Pero los periodistas no aprenderemos nunca. Seguiremos preguntando las mismas majaderías para que nos respondan parecidas majaderías.
¿Con qué libro se quedaría usted si tuviera que quedarse con un solo libro?
¿Qué libro se llevaría usted si sólo pudiera salvar uno entre todos los libros que conoce?
¿Qué obra ha influido más en su propia obra?

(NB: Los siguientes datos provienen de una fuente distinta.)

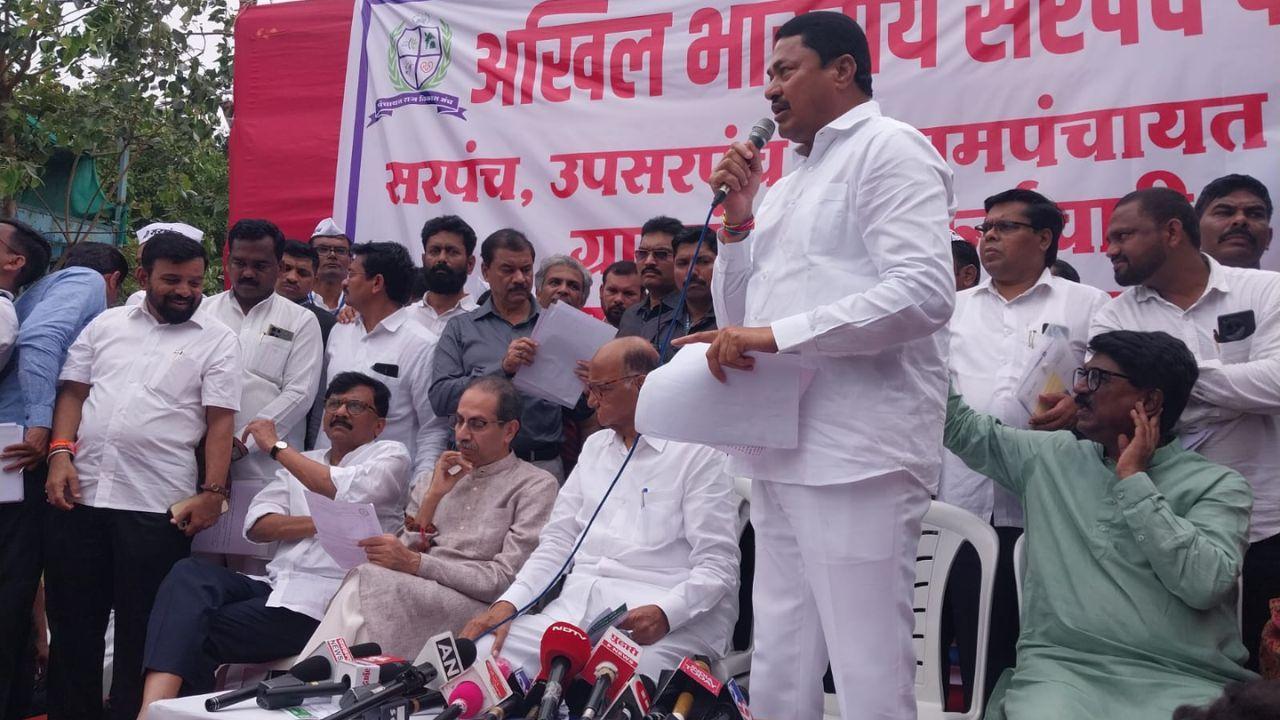 Uddhav, Pawar criticise Shinde govt over Shivaji Maharaj statue collapse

Pocos responden con sinceridad. Dicen cualquier cosa para salir del paso. Un novelista no mencionará a otro novelista de su misma generación así lo maten aunque aquél esté leyendo a éste a escondidas. Sólo dirá que es bueno cuando esté muerto o no sea bueno. Su deseo es matarlo. Hacerlo desaparecer artísticamente. Aniquilar una obra que obstaculiza su propia obra. Pero tiene que soportar cada publicación de un nuevo libro de un contemporáneo suyo como tiene que soportar el escozor de un hongo. En silencio. Disimulando. Aunque eso no quiere decir que si se presenta la ocasión propicia vaya a renunciar a pincharle en el culo al competidor de su misma generación diciendo que el universo del que se ocupa y el lenguaje que utiliza no pertenecen al universo ni al lenguaje que le interesan a él. Los celos de autor son los únicos auténticos derechos reservados de autor. Derechos reservados mundialmente. Entre autores no existe otro derecho legítimo que el derecho de los celos. Cuando se premia a un autor los restantes autores desearían no ser autores. O ser autores en otro país muy lejano y no en el mismo país del autor premiado. Sólo cuando el autor premiado se eclipsa en el horizonte amanece el otro autor. El autor recién nacido pide al cielo que el mismo día que ha muerto el otro autor no venga todavía al mundo uno mejor que él. O si viene que al menos no publique nada hasta que él haya publicado su obra y se haya muerto.
¿Es esto mucho pedir?
Todos los creadores del mundo tienen su Santo Creador colgado de la pared. Se hicieron fieles devotos de ese Santo Creador desde el día mismo de su ingreso en la Academia de los Muertos. Antes no era más que un payaso.